In the present disclosure, the coating solution for preparing an electrode contains at least one platinum group metal precursor and at least one rare earth metal precursor.

In the present disclosure, the platinum group metal precursor can be a salt or an oxide of the platinum group metal. Herein, the salt or the oxide can be in the form of a hydrate.

For example, the platinum group metal precursor can be at least one selected from the group consisting of ruthenium chloride hydrate (RuCl₃.nH₂O), tetraamine platinum(II) chloride hydrate (Pt(NH₃)₄Cl₂.H₂O), rhodium chloride (RhCl₃), rhodium nitrate hydrate (Rh(NO₃)₃.nH₂O), iridium chloride hydrate (IrCl₃.nH₂O), and palladium nitrate (Pd(NO₃)₂).

The platinum group metal precursor is calcined in the heat-treating step and converted into catalytically active particles, that is, metal or compound particles that are catalytically active for the reduction of water. When the platinum group metal or compound is contained in the electrode, an effect of improving the electrode overvoltage can be obtained.

The rare earth metal precursor is a salt or an oxide containing the rare earth metal described above. Specifically, the rare earth metal precursor can be at least one selected from the group consisting of cerium(III) nitrate (Ce(NO₃)₃), cerium(III) carbonate (Ce₂(CO₃)₃), cerium(III) chloride (CeCl₃), yttrium oxide (Y₂O₃), and yttrium carbonate (Y₂(CO₃)₃), but the present disclosure is not limited thereto.

The salt or the oxide can be in the form of a hydrate. For example, cerium nitrate 6 hydrate, cerium carbonate 5, 8, or 9 hydrate, cerium chloride 1, 3, 6, or 7 hydrate, yttrium carbonate 3 hydrate, and the like can be used.

The rare earth metal precursor is calcined in the heat-treating step and converted into a rare earth metal oxide. The granular form of the rare earth metal oxide has insufficient hydrogen-generating activity, but changes from a granular form to a needle-like form under an environment in which hydrogen is generated. This needle-like form supports the catalyst layer of the platinum group compound and has an effect of reducing the detachment of the catalyst layer.

It was confirmed that the needle-like structure of the rare earth metal oxide significantly increased during cell operation in the electrode for electrolysis prepared according to the present disclosure as compared with the electrode prepared by conventional methods. Accordingly, the electrode for electrolysis of the present disclosure exhibits excellent durability such as stably maintaining the electrode performance even after a reverse current occurs.
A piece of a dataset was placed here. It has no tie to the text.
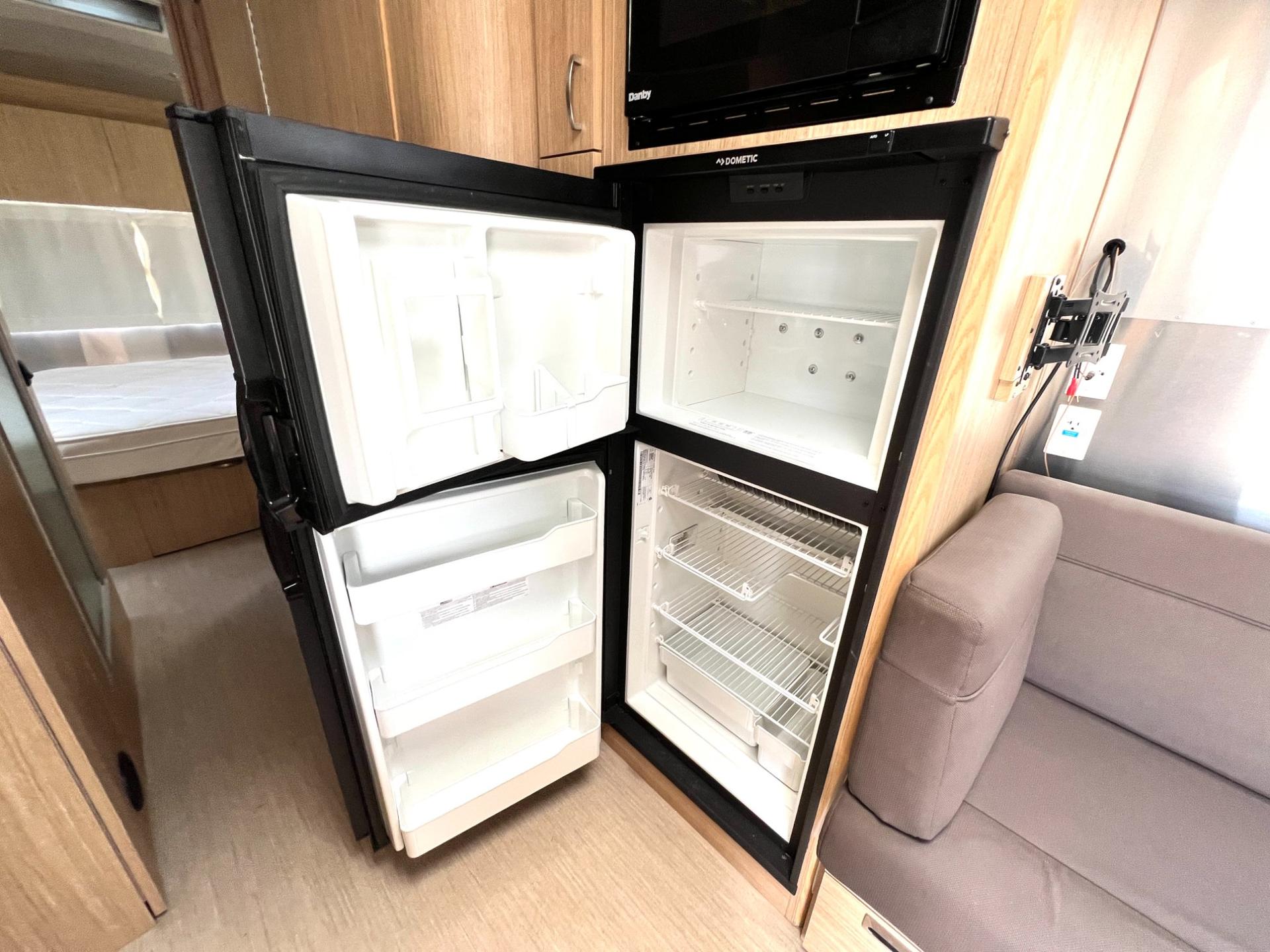 2019 Airstream 2019 Airstream Flying Cloud - thumbnail 18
Preferably, in the present disclosure, the rare earth metal precursor includes at least one cerium (Ce) salt or oxide. According to a preferred embodiment of the present disclosure, cerium nitrate hexahydrate (Ce(NO₃)₃.6H₂O) can be used as the rare earth metal precursor, and ruthenium chloride hydrate (RuCl₃.nH₂O) can be used as the platinum group metal precursor.

A ratio of the platinum group metal precursor and the rare earth metal precursor is not particularly limited, and can be appropriately adjusted depending on the kind of the precursor. The platinum group metal precursor and the rare earth metal precursor can be used in a molar ratio of 1:1 to 10:1, or 3:1 to 10:1 in order to optimize catalytic activity of the finally prepared electrode for electrolysis.

In the present disclosure, the solvent used in the coating solution for preparing an electrode is an organic solvent capable of dissolving the platinum group metal precursor and the rare earth metal precursor, and is preferably a solvent capable of volatilizing at least 95% in the drying and heat-treating steps.

For example, the organic solvent can be an organic polar solvent such as an alcohol-based solvent, a glycol ether-based solvent, an ester-based solvent, or a ketone-based solvent, and can be used alone or in combination. Preferably, the organic solvent can be an alcohol-based solvent, a glycol ether-based solvent, or a combination thereof.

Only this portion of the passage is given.